Going Online makes first acquisition

|Dec 17|magazine8 min read

Online clearance marketplace, Going.co.za, has made its first move to consolidate the fragmented online space by buying Diligo.co.za for an undisclosed sum.

 Company Chairman Paul Greenberg suggested more acquisitions of small retailers would arise as the market consolidates. 

The purchase comes at a time when Going is strategically focusing on growing a customer base that is now demanding wholesale opportunities.

“There is a convergence of B2B and B2C when it comes to sales and we are looking at more acquisitions to bolster our customer bases,” said Going Managing Director, Neville Bear.

 Going.co.za, launched in July of 2013, achieved exceptional growth in the first few months of trading and this strategic move follows a growing demand from customers seeking bargains in the form of excess stock, returned inventory, aged ranges and liquidation stock.

 Diligo, founded in 2010 by Lauren Graham and Kimberley Wood, will now operate under the Going name where users will have access to lifestyle products at up to 70 percent off current retail prices.

Graham said: “It's an exciting time in the ecommerce space and after working with the Going team, I'm confident our customers are in good hands. I have no doubt Going will continue to offer users exceptional deals, in multiple categories, and continue to provide great service and delivery with their extensive logistics and sourcing experience.’’

Although primarily focused on the B2B market, this purchase shows Going’s intention to simultaneously build an offering selling excess brand name goods to cost conscious consumers who have been unable to get access to wholesalers.

The investment comes as a recent MasterCard Worldwide Online Shopping Survey showed significant increase in online shopping among South Africans, with 58 percent of respondents saying that they now use the Internet for online shopping.

This is an increase from the 44 percent who did online shopping in 2009, and 53 percent from 2010. 

Greenberg said more ecommerce players will come on the market because they are finding themselves in a place where they have grown large customer databases but are not profitable.

 “This no man’s land will be a challenge for ecommerce finding scale,” Greenberg said. “We saw the same thing in Australia and the United Kingdom, three years ago, where there was a proliferation of ecommerce spending big money building loyal customer following but as private equity funds dried up the lack of profitability caused a speedy market consolidation.
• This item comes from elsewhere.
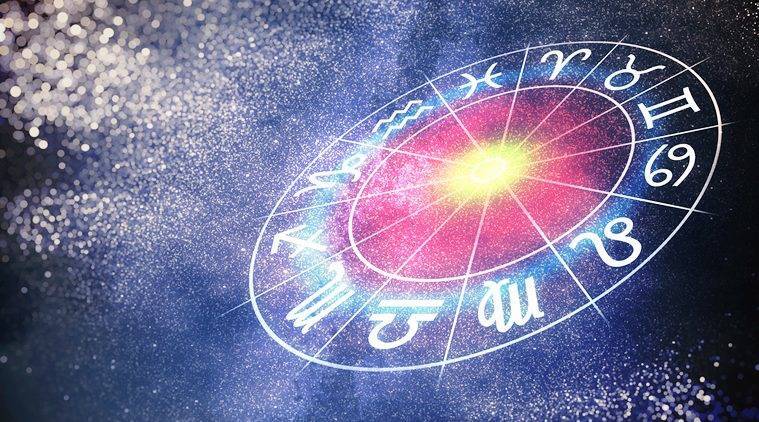 Horoskopi ditor, 16 gusht 2021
“The smaller players struggled to find momentum and either closed down or sold out to the bigger ones.”

Greenberg said his various acquisitions, including those in Australia and South Africa, are as much about the talent as they are for the companies’ infrastructure and customer bases.

 “Acquisitions for talent are common in the tech space, Google does it often and it will happen more in South Africa, especially as the number of ecommerce sites grow.”